### [REQUIRED ACTION]
Only the lines from the one containing "NILLKIN MC1 CE" through the end of the records should be retyped, exactly and including both ends; pictures stay out.

### [Short text fragments from websites]
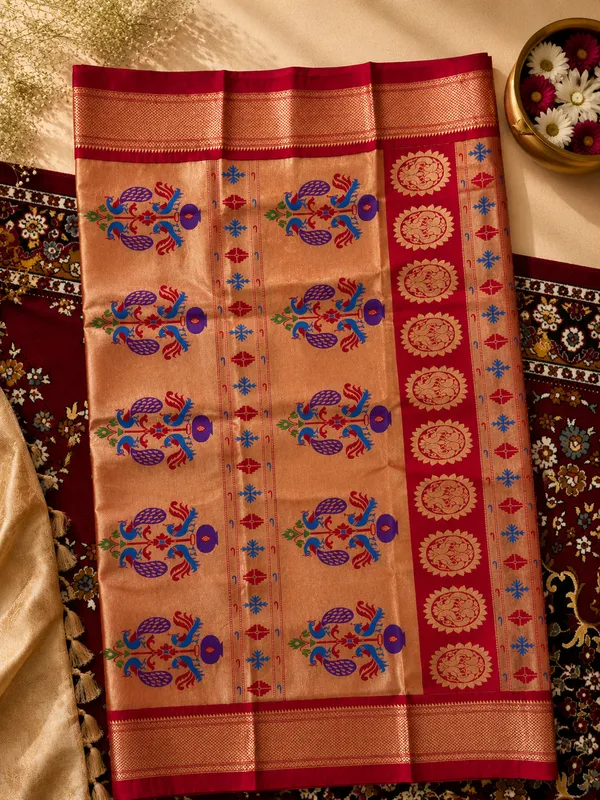 Art_Silk_Paithani_Saree_With_All_over_Zari_Weaves_&_Contrast_Border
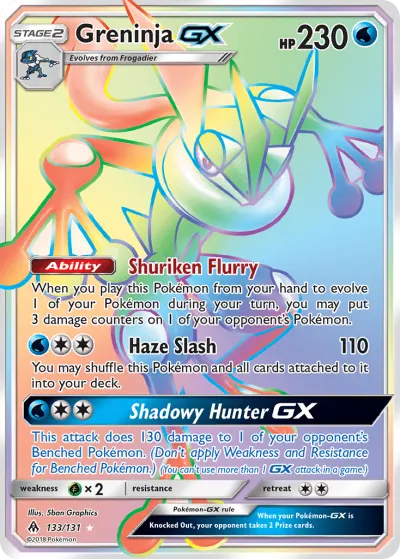 Greninja-GX 133/131 Rainbow Rare from Forbidden Light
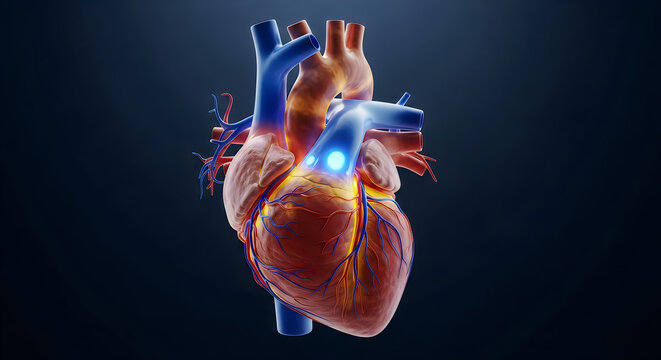 Illustration of a human heart with a pacemaker device implanted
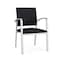 Lesro Newport Guest Chair Metal Frame, Silver, MD Black Upholstery NP1101 - alternate 1
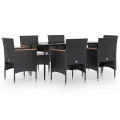 Ensemble à manger de jardin avec coussins 7 pcs Noir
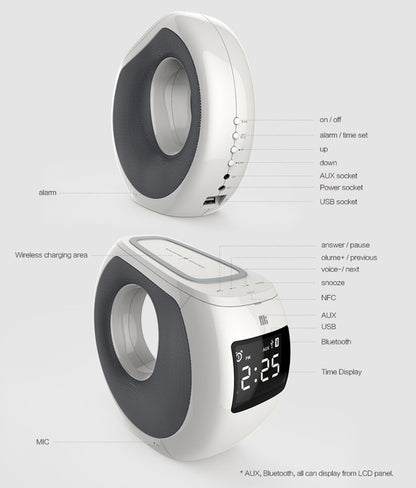 NILLKIN MC1 CE / RoHs / FCC Certificated QI Standard Wireless Charging Transmitter + Bluetooth Speaker, EU Plug , For iPhone, Galaxy, Sony, Lenovo, HTC, Huawei, Google, LG, Xiaomi, other Smartphones - Desktop Speaker by NILLKIN | Online Shopping South Africa | PMC Jewellery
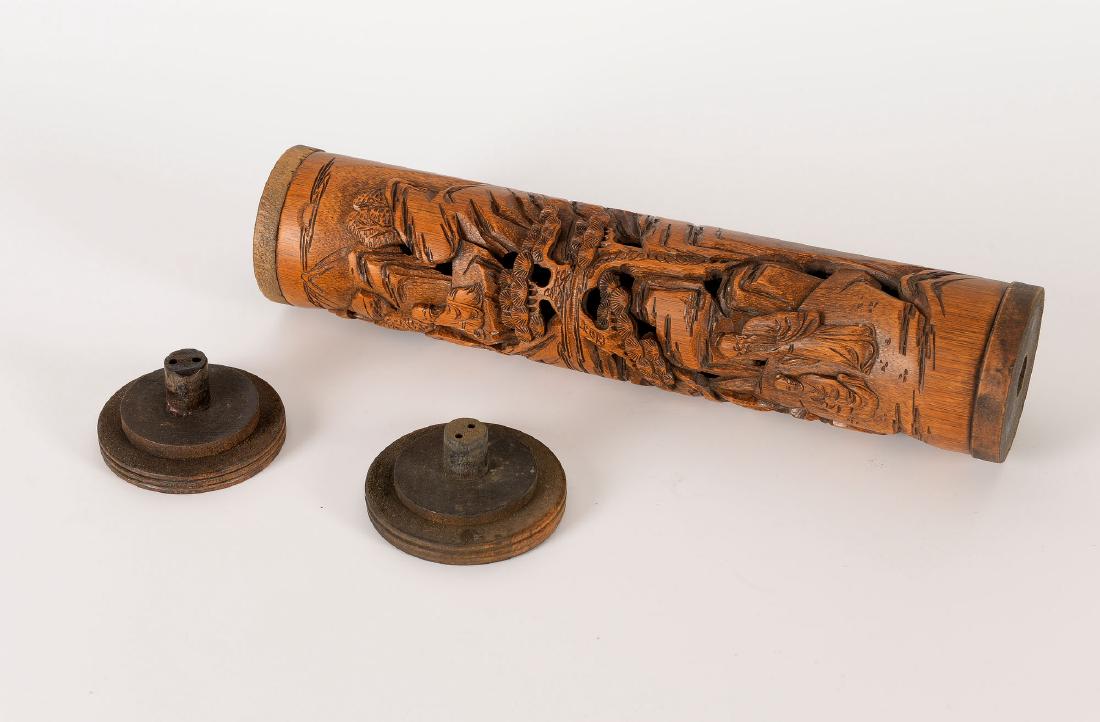 A carved bamboo incense burner/perfumier. Poem of the: A carved bamboo incense burner/perfumier. Poem of the Tang poet Wang Wei. Signed Shan and dated Jia Zi, presumably 1926. H. 30 cm.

### [ANSWER SPACE]
 NILLKIN MC1 CE / RoHs / FCC Certificated QI Standard Wireless Charging Transmitter + Bluetooth Speaker, EU Plug , For iPhone, Galaxy, Sony, Lenovo, HTC, Huawei, Google, LG, Xiaomi, other Smartphones - Desktop Speaker by NILLKIN | Online Shopping South Africa | PMC Jewellery
 A carved bamboo incense burner/perfumier. Poem of the: A carved bamboo incense burner/perfumier. Poem of the Tang poet Wang Wei. Signed Shan and dated Jia Zi, presumably 1926. H. 30 cm.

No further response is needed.